=== Section Start ===
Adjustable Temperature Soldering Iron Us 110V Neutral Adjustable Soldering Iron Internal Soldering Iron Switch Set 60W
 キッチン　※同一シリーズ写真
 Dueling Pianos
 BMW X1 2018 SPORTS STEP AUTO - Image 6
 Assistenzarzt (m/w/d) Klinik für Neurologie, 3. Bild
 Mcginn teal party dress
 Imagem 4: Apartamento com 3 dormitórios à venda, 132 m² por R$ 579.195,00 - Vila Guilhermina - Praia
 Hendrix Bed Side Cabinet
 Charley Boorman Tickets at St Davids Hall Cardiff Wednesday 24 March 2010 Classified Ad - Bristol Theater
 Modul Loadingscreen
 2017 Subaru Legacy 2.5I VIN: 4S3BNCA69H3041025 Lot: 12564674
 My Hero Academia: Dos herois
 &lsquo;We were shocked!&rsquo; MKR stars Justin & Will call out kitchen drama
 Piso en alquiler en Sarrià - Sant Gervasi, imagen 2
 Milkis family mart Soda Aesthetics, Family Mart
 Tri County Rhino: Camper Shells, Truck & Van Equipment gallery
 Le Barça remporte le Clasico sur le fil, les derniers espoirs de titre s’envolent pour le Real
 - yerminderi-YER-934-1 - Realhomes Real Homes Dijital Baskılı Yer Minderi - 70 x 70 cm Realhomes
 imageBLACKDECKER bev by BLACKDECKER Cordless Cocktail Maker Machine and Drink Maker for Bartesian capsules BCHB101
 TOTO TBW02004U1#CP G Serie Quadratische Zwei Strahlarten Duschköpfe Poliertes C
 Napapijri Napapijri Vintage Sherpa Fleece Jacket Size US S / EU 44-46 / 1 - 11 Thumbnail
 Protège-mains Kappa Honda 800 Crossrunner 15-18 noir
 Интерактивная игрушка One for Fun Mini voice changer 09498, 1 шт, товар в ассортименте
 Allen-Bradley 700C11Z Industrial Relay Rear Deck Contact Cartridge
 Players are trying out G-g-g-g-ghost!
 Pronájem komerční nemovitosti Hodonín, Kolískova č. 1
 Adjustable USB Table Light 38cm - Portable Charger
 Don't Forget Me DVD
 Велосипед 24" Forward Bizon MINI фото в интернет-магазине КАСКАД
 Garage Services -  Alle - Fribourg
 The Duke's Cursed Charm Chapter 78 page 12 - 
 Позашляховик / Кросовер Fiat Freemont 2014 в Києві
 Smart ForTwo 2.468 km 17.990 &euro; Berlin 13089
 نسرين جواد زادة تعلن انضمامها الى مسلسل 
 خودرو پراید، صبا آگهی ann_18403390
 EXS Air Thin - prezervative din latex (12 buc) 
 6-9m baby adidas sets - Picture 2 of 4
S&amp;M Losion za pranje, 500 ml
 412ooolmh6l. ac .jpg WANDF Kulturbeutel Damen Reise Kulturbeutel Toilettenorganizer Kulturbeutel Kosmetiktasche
=== Section End ===
[WORK INSTRUCTION]: Show every line in the records above that contains the word "Real".

[ANSWER SECTION]:
 Le Barça remporte le Clasico sur le fil, les derniers espoirs de titre s’envolent pour le Real
 - yerminderi-YER-934-1 - Realhomes Real Homes Dijital Baskılı Yer Minderi - 70 x 70 cm Realhomes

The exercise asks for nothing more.